幻想郷は全てを受け入れるのよ。それはそれは残酷な話ですわ……いや割とマジで 作:とるびす
「振り返ってみれば貴女とはそれなりに長い付き合いだったわね。……正直、別れを惜しく思っている自分に驚いていますわ。あんなに会いたくないって思っていたのに」
血溜まりへ沈んでも、なお私を睨み続ける三つの目。意識なんてもう無い筈なのに。
最後に抱いた想いは恨めしさか、はたまた裏切りへの悲しみか。
「さようなら我が友よ」
次はもう少し、報われる妖生になるといいわね。
「ごめんなさいこいしちゃん。辛い役目を任せてしまって」
「しょうがないよ。お姉ちゃん、こんくらいしないと止まらないだろうし」
口を尖らせながら手元のナイフを弄んでいる。
本当に申し訳ない。こいしちゃん自身は何とも思っていないんだろうけど、やっぱりそれなりの罪悪感ががが!

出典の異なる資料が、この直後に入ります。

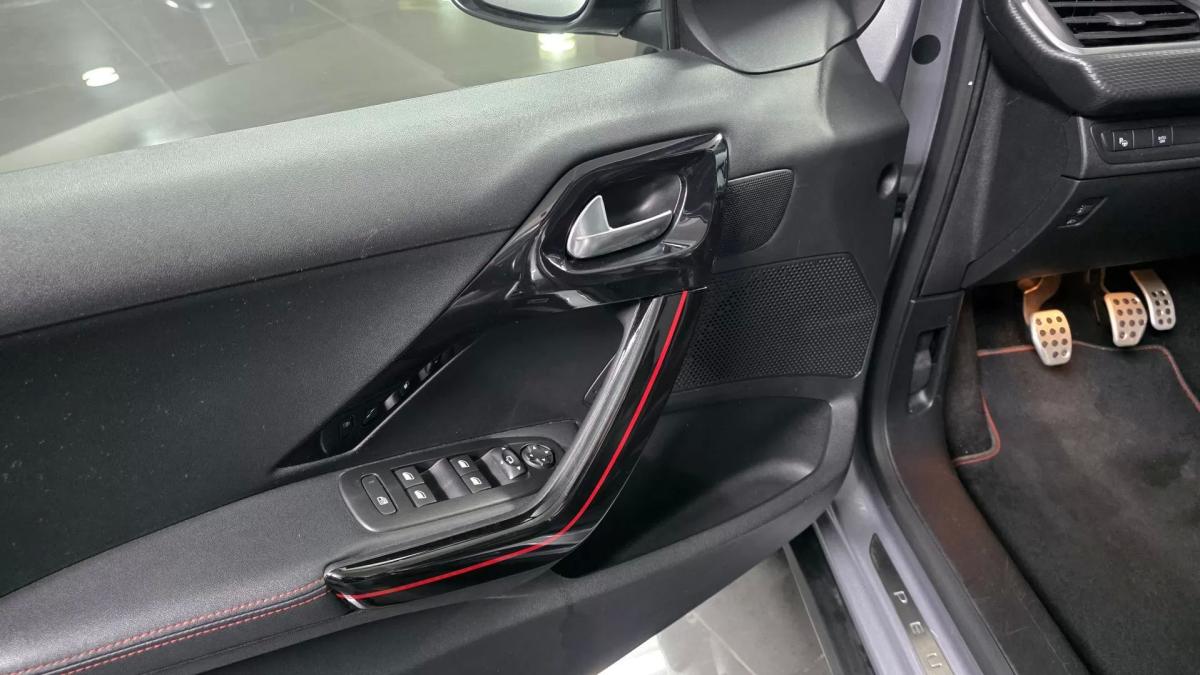 peugeot-2008-2018-gasolina-1199cc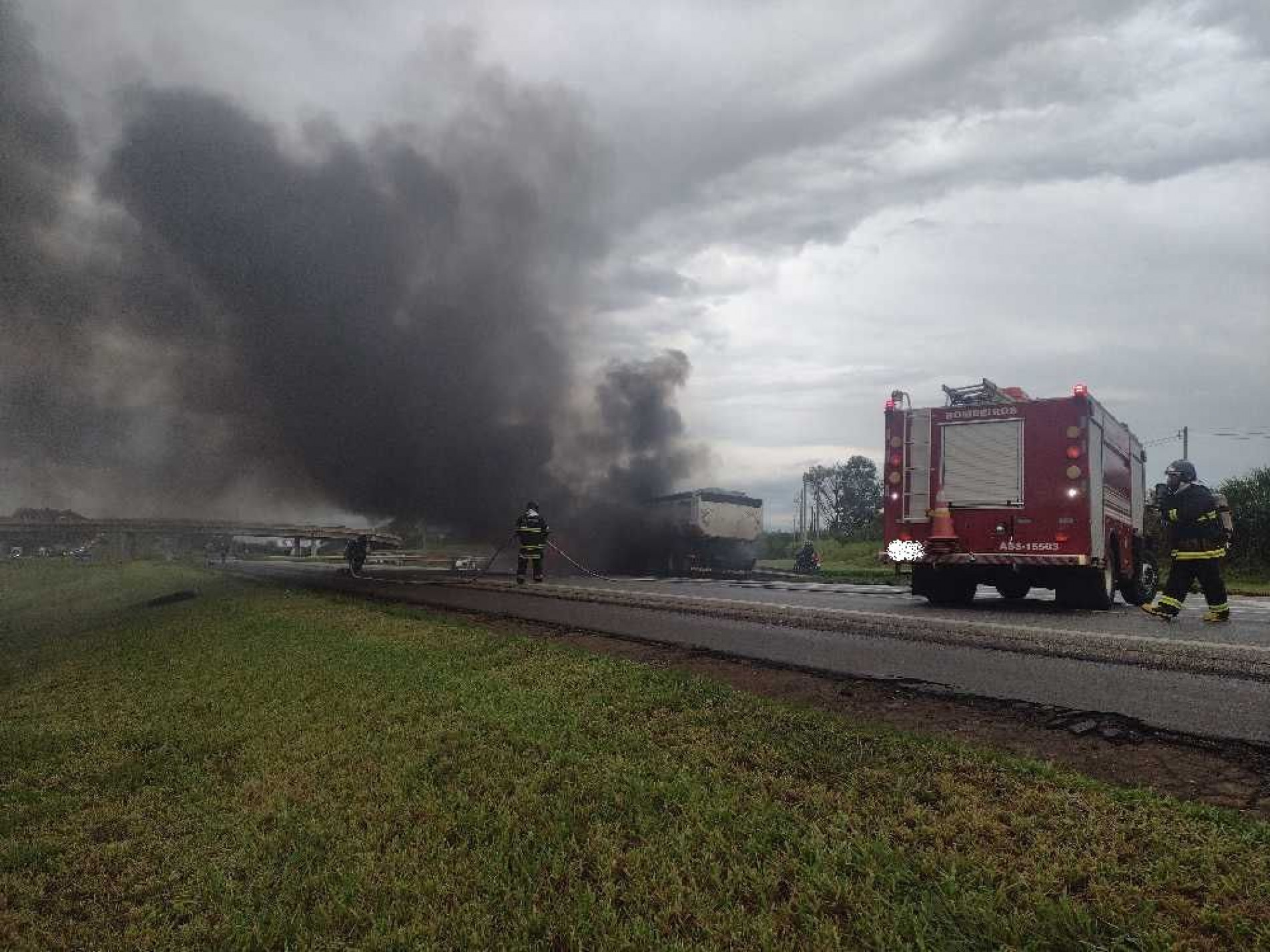 O Corpo de Bombeiros atua no combate as chamas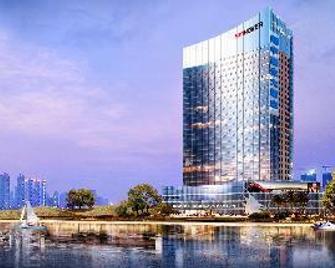 Howard Johnson by Wyndham Xiangyu Plaza Linyi - Linyi - Building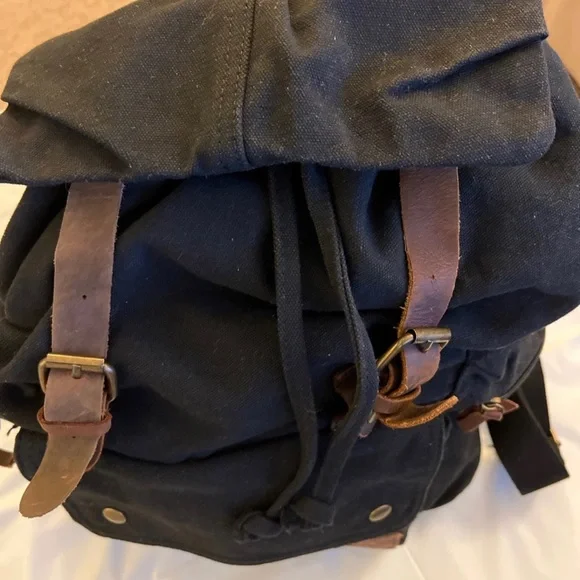 Backpack - Picture 1 of 8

でもさとりを早いうちに無力化しておかないと後々厄介な事になりそうですもの、致し方なかったのだ。彼女の不意を突けるのは幻想郷広しといえどこいしちゃんぐらいしか居ないのも辛いところですわ。
本当に厄介な友人だった。
最初期から私の目論見に気付く余地があったのもさとりだけだったし、少しでも進行の匙加減を間違えていれば今頃座敷牢行きだったわね!
ある意味最大の難敵と言えたのかも。
でも残念、さとりの能力とこいしちゃんの能力には一方的な相性差があるのだ。
私とこいしちゃんが組んでる以上、さとりの誤算と敗北は半ば確定していた。彼女の優しさをこれでもかと利用した結果ですわ。
「じゃ、さとりは片付いた事だしぬえと諏訪子の加勢をお願いね」
「オッケー! 根絶やしにしちゃうよ!」
「いやいや無力化だけでいいわ。死体の山を積み上げるのは今じゃなくていいの。私が言うのもなんだけど穏やかに事なかれ……聞いてる?」
「はりきっちゃうなー腕がなるなー」
とんでもなく危ない雰囲気を醸し出しながらそんなことを言っていたので、慌てて訂正を入れておいたんだけど、これ多分届いてないわね。スペルのクオリティが高過ぎるのも考えものである(n回目)。
でもねー、こいしちゃんは無理に調整しちゃうと何が起きるか分からないから迂闊に弄れないのよね。自我が無いっていうのは使役する側からすれば正しく一長一短なのだ。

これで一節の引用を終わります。